In paragraaf 6.3 is het ecologisch werkprotocol uitgewerkt. Het protocol geeft aan hoe tijdens de uitvoering gewerkt moet worden om beschermde soorten te ontzien en te beschermen. Het voorkomen van schade tijdens de uitvoering kan bijvoorbeeld door op bepaalde locaties niet te werken, bomen met holten te behouden of door niet te werken in kwetsbare perioden. Verder zijn voorschriften voor de aannemer opgenomen, zoals het bijhouden van een logboek en het inschakelen van ecologische begeleiding. Vlak voorafgaand aan de uitvoering checkt de ecologische begeleiding waar beschermde soorten aanwezig zijn en geeft dan aan in welke delen gewerkt mag worden (liefst zo kort mogelijk en aaneengesloten) en welke delen niet.

Conclusies

  • De voorgenomen maatregelen in het schetsontwerp dragen bij aan het behoud van en de uitbreiding van de instandhoudingsdoelen van het Natura 2000-gebied Drentsche Aa-gebied.
  • Met het ecologisch werkprotocol worden negatieve effecten op beschermde soorten tot een minimum beperkt en aan de zorgplicht voldaan.
  • Door te werken volgens het ecologisch werkprotocol zijn de natuurherstelwerkzaamheden vrijgesteld van de vergunningsplicht uit de Wet natuurbescherming. Ook wordt zo invulling gegeven aan de zorgplicht van de Wet natuurbescherming.

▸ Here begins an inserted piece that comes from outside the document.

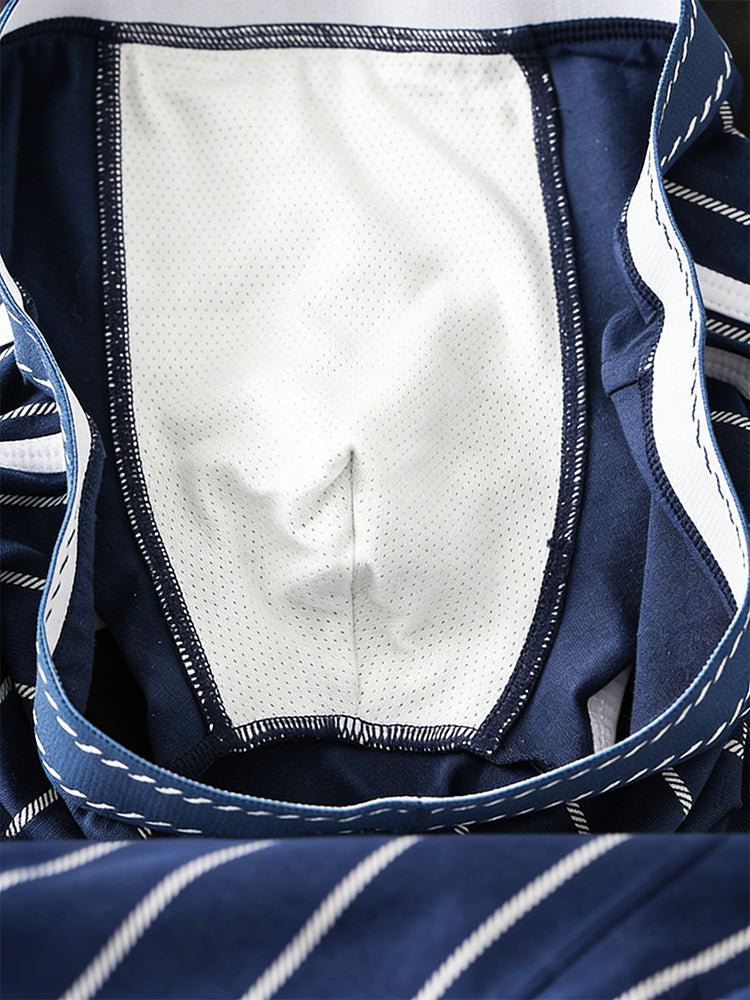4 Pack Men's Ultra-Soft Breathable Cotton Striped Design Comfort Trunks | dmunderwear detail image 17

  • Bij de planvorming moet rekening worden gehouden met de aanbevelingen uit de quickscan. Te denken valt aan bomen met holtes (verblijfsplaats van vleermuizen) die niet gekapt mogen worden.
  • De uitvoering van de inrichtingsmaatregelen moet plaatsvinden onder begeleiding van een ecologisch toezichthouder. Deze ziet toe op het goed uitvoeren conform het ecologisch werkprotocol.
  • Zodra de inrichtingsmaatregelen concreet zijn, moet worden bekeken of aanpassingen nodig zijn van de quickscan en het ecologisch werkprotocol (actualisatie van het rapport).